In [13]:
#Table of Contents
# 1. Prepare Problem
# a) Load libraries
# b) Load dataset
# 2. Summarize Data
# a) Descriptive statistics
# b) Data visualizations
# 3. Prepare Data
# a) Data Cleaning
# b) Feature Selection
# c) Data Transforms
# 4. Evaluate Algorithms
# a) Split-out validation dataset
# b) Test options and evaluation metric
# c) Spot Check Algorithms
# d) Compare Algorithms
# 5. Improve Accuracy
# a) Algorithm Tuning
# b) Ensembles
# 6. Finalize Model
# a) Predictions on validation dataset
# b) Create standalone model on entire training dataset
# c) Save model for later use
The dataset: https://archive.ics.uci.edu/ml/datasets/Connectionist+Bench+(Sonar,+Mines+vs.+Rocks)
Problem: to predict metal or rock objects from sonar return data. Each pattern is a set of 60 numbers in the range 0.0 to 1.0. Each number represents the energy within a particular frequency band, integrated over a certain period of time. The label associated with each record contains the letter R if the object is a rock and M if it is a mine (metal cylinder). The numbers in the labels are in increasing order of aspect angle, but they do not encode the angle directly.
In [3]:
# Load libraries
import numpy
from matplotlib import pyplot
from pandas import read_csv
from pandas import set_option
from pandas.tools.plotting import scatter_matrix
from sklearn.preprocessing import StandardScaler
from sklearn.model_selection import train_test_split
from sklearn.model_selection import KFold
from sklearn.model_selection import cross_val_score
from sklearn.model_selection import GridSearchCV
from sklearn.metrics import classification_report
from sklearn.metrics import confusion_matrix
from sklearn.metrics import accuracy_score
from sklearn.pipeline import Pipeline
from sklearn.linear_model import LogisticRegression
from sklearn.tree import DecisionTreeClassifier
from sklearn.neighbors import KNeighborsClassifier
from sklearn.discriminant_analysis import LinearDiscriminantAnalysis
from sklearn.naive_bayes import GaussianNB
from sklearn.svm import SVC
from sklearn.ensemble import AdaBoostClassifier
from sklearn.ensemble import GradientBoostingClassifier
from sklearn.ensemble import RandomForestClassifier
from sklearn.ensemble import ExtraTreesClassifier
In [4]:
# Load dataset
url = 'https://archive.ics.uci.edu/ml/machine-learning-databases/undocumented/connectionist-bench/sonar/sonar.all-data'
dataset = read_csv(url, header=None)
In [5]:
# Summarize Data
# Descriptive statistics
# shape
# confirming the dimensions of the dataset (number of rows and columns)
print(dataset.shape)
In [7]:
# types
print(dataset.dtypes)
We can see that all of the attributes are numeric (float) and that the class value has been read in as an object.
In [8]:
# head
# Let’s now take a peek at the first 20 rows of the data
print(dataset.head(20))
This does not show all of the columns, but we can see all of the data has the same scale. We can also see that the class attribute (60) has string values.
In [11]:
# descriptions, change precision to 3 places
# Let’s summarize the distribution of each attribute.

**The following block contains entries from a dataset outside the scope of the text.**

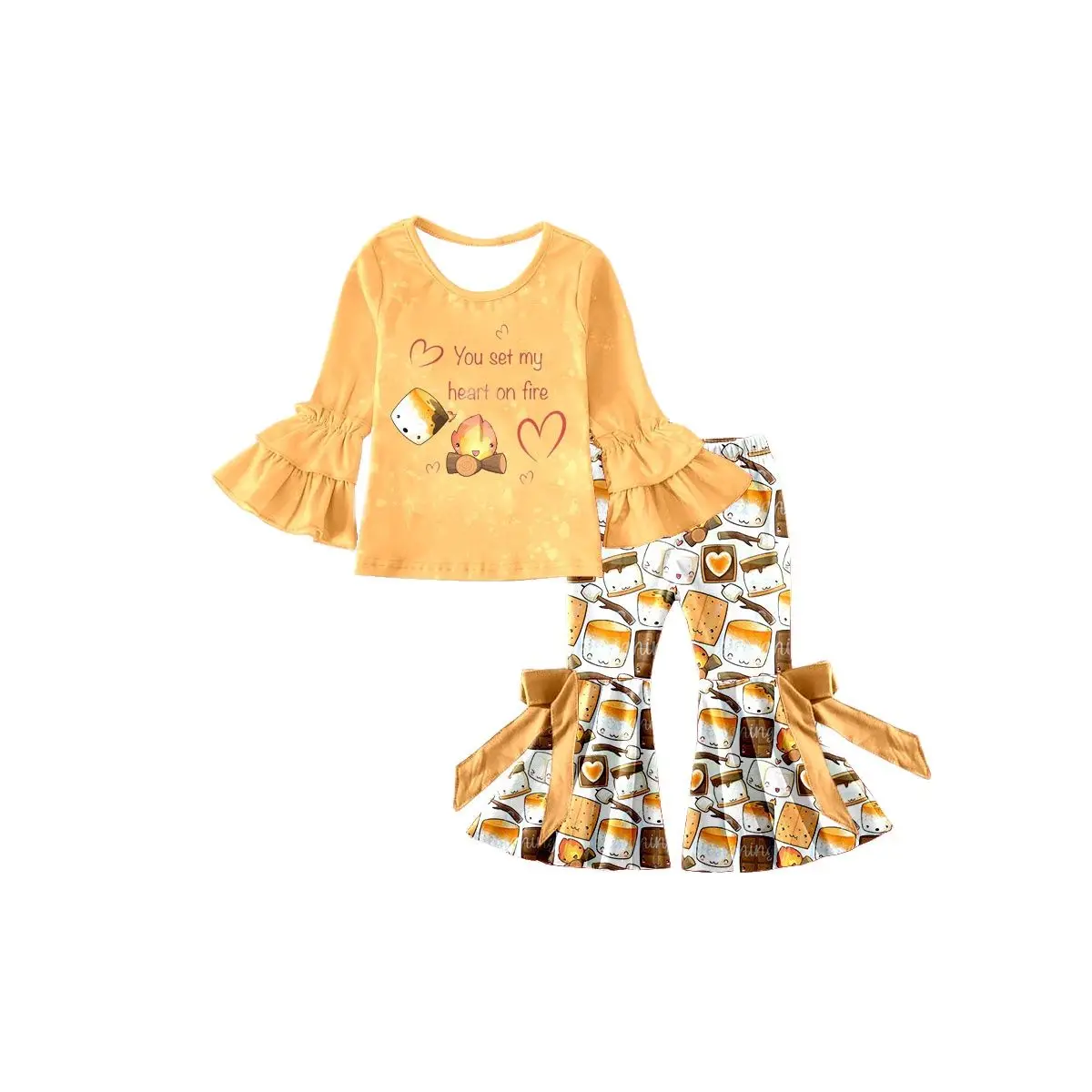

Wholesale Baby Girl Clothes Toddler Bell Bottoms Outfit Cartoon Candle Print Cute Yellow 2-piece Set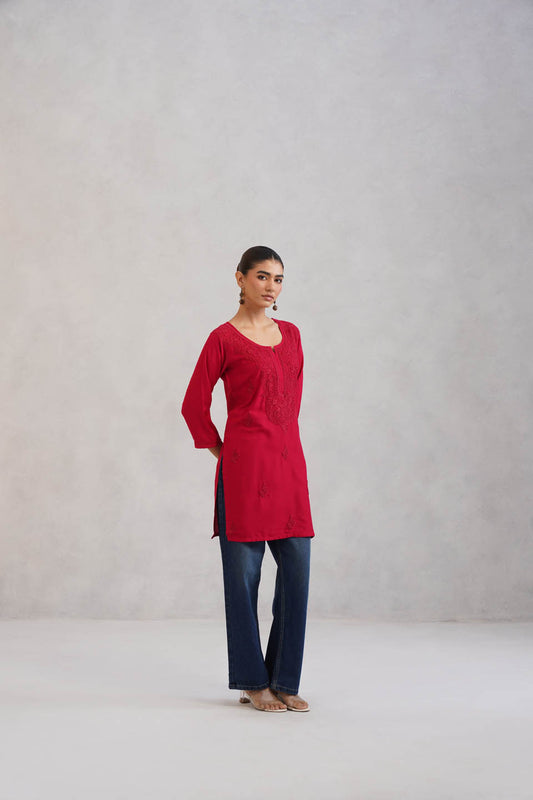 SEHER Cherry Red Short Rayon Kurta
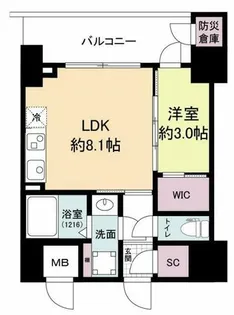セレニテフラン難波【11階】の間取り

# Print the statistical descriptions of the dataset
set_option('precision', 3)
print(dataset.describe())
Again, as we expect, the data has the same range, but interestingly differing mean values. There may be some benefit from standardizing the data.
In [12]:
# class distribution
# Let’s take a quick look at the breakdown of class values.
print(dataset.groupby(60).size())
We can see that the classes are reasonably balanced between M (mines) and R (rocks).
In [15]:
dataset.hist(sharex=False, sharey=False, xlabelsize=1, ylabelsize=1)
pyplot.show()
We can see that there are a lot of Gaussian-like distributions and perhaps some exponentiallike distributions for other attributes.
Let’s take a look at the same perspective of the data using density plots.
In [20]:
# density
dataset.plot(kind='density', subplots=True, layout=(8,8), sharex=False, legend=False)
pyplot.show()
This is useful, you can see that many of the attributes have a skewed distribution. A power transform like a Box-Cox transform that can correct for the skew in distributions might be useful.
In [27]:
# correlation matrix
fig = pyplot.figure()
ax = fig.add_subplot(111)
cax = ax.matshow(dataset.corr(), vmin=-1, vmax=1, interpolation='none')
fig.colorbar(cax)
pyplot.show()
It looks like there is also some structure in the order of the attributes. The red around the diagonal suggests that attributes that are next to each other are generally more correlated with each other. The blue patches also suggest some moderate negative correlation the further attributes are away from each other in the ordering. This makes sense if the order of the attributes refers to the angle of sensors for the sonar chirp.